Just Thinking: Deep Despair
February 5, 2014By V. Knowles

A man posed the following question to Joyce Meyer, author of the book, Enjoying Everyday Life.

“My wife has asked me for a divorce. I have lost my job. My savings are almost depleted and there are no job prospects in sight. How can I find contentment?”


An intriguing inquiry, and immediately I started reflecting about this idea of contentment.

Since evil is rampant and iniquity abounds, this world is not prone to happiness

Where it does exist, it is at best brief, fleeting and not permanent.

Without effort or thought everyday of our lives, there is something with the potential to make us discontent.


We live in a fallen state where we are always inclined to see and recognize everything that is wrong and negative. So happiness is not a privilege nor a right. We must pursue it. We have been admonished, “Ask and it shall be given, seek and ye shall find, knock and it shall be opened unto you.”


 Notwithstanding the preachers on Christian television, that is not an easy undertaking because this unforgiving earth can seem so unfair at times, as  all around us everybody else appears to be enjoying a free ride.


Consider the discordant laments from some surprising individuals:


“My God, my God, why have you forsaken me? Why are you  so far from saving me, so far from the words of my groaning? Oh God I cry day by day, but you do not answer  and by night but I find no rest.”            

King David.


“Why is light given to him who is in misery and life to the bitter in soul, who long for death, but it comes not and dig for it more than hidden treasures, who rejoice exceedingly and are glad when they find the grave?”

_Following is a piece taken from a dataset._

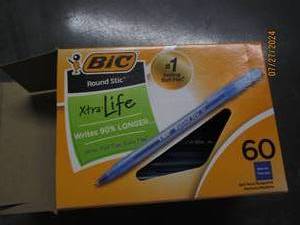 lot 76 image: package of bic round stic xtra life pens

“Why does the way of the wicked prosper? Why do all who are treacherous thrive?”



“But as for me, my feet had almost stumbled, my steps had nearly slipped. For I was envious of the arrogant, when I saw the prosperity of the wicked.”

The Psalmist Asaph.


There are times in life when the crushing weight of despair threatens to break us and suicide becomes a viable option. Indeed, I dare say many have chosen that route.


However, you only have one life to live and you must fight for it.


You must say to yourself,  “No. No.I am not going out like this.”


During those dark days when you are a student in the school of hard knocks or enrolled in the university of adversity, you must learn to be content.


Moment by moment, step by step, you must grasp hold of  anything  good, noble and worthwhile that will enable you to make it through the day.


Success will not come tomorrow if you do not survive today.

Disregard the courses on self-actualization. They are inadequate and only go so far.

You cannot repair yourself.

You need a teacher, mightier, stronger, wiser than you who can take you all the way.

You must develop a deep, personal and abiding relationship with a loving God and remain in the company of fellow believers in the household of faith.

You must whip and subdue your emotional state, bring your body under subjection and become disciplined and intentional to win the war of contentment.


If, while reading this, you are hurt angry, bitter or at the brink of caving in, I want to assure you that if you persist in pressing for your happiness it will get better.


You must” see” farther than the tears in your eyes will allow you to “look.”


After weeks, months or perhaps years languishing and groping about  in the valley of gloom, despair and death, the day will come when you arrive at a level of maturity that declares, ”your words were found and I ate them, and your words became to me a joy and the delight in my heart.”


With flint-like resolve, you will determine, “though the fig tree shall not blossom, nor fruit be on the vines, the produce of the olive shall fail and the fields shall yield no food, the flock shall be cut off from the fold and there be no herd in the stalls, yet I will rejoice in the Lord; I will joy in the God of my salvation.”


Finally, I hasten to remind you that this temporary journey through this vale of suffering and grief  is not the end of the story.


During the sojourn here, you may be tempted with many choices, yet eternity has only two.

Which one is for you?




V. Knowles is a husband and father with an interest in penning issues that serve to uplift mankind. He melds his love for Classic literature, The Bible and pop culture - as sordid as it may be - into highly relatable columns of truth, faith and justice. Hence the name: Just Thinking. If he's not buried in a book or penning his next column, you may find him pinned to his sectional watching a good old Country and Western flick.